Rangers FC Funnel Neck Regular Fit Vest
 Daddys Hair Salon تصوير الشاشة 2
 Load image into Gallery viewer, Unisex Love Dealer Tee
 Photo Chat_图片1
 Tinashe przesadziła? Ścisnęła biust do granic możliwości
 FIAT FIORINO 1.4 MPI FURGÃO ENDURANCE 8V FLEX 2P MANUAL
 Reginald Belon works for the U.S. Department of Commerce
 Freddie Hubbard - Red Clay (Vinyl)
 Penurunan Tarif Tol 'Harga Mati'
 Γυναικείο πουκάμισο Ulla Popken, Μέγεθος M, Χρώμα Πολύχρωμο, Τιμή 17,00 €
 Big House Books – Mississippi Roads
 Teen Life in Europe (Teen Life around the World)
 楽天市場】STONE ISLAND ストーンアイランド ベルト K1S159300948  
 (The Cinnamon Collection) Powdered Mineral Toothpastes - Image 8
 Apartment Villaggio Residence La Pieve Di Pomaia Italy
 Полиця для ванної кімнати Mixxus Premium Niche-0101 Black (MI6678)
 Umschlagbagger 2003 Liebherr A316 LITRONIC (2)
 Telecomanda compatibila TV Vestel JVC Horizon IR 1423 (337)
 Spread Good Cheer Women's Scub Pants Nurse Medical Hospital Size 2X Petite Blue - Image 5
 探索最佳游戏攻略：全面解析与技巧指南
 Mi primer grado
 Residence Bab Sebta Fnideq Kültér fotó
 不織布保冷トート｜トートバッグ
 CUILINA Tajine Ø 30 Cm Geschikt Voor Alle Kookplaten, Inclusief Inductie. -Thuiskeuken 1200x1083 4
▬▬▬▬▬▬
• Your objective:
Reprint exactly the lines above that start at the one with "FIAT FIORINO 1.4" and end at the one with "Полиця для ванної", keeping both and adding none.

• Task result:
 FIAT FIORINO 1.4 MPI FURGÃO ENDURANCE 8V FLEX 2P MANUAL
 Reginald Belon works for the U.S. Department of Commerce
 Freddie Hubbard - Red Clay (Vinyl)
 Penurunan Tarif Tol 'Harga Mati'
 Γυναικείο πουκάμισο Ulla Popken, Μέγεθος M, Χρώμα Πολύχρωμο, Τιμή 17,00 €
 Big House Books – Mississippi Roads
 Teen Life in Europe (Teen Life around the World)
 楽天市場】STONE ISLAND ストーンアイランド ベルト K1S159300948  
 (The Cinnamon Collection) Powdered Mineral Toothpastes - Image 8
 Apartment Villaggio Residence La Pieve Di Pomaia Italy
 Полиця для ванної кімнати Mixxus Premium Niche-0101 Black (MI6678)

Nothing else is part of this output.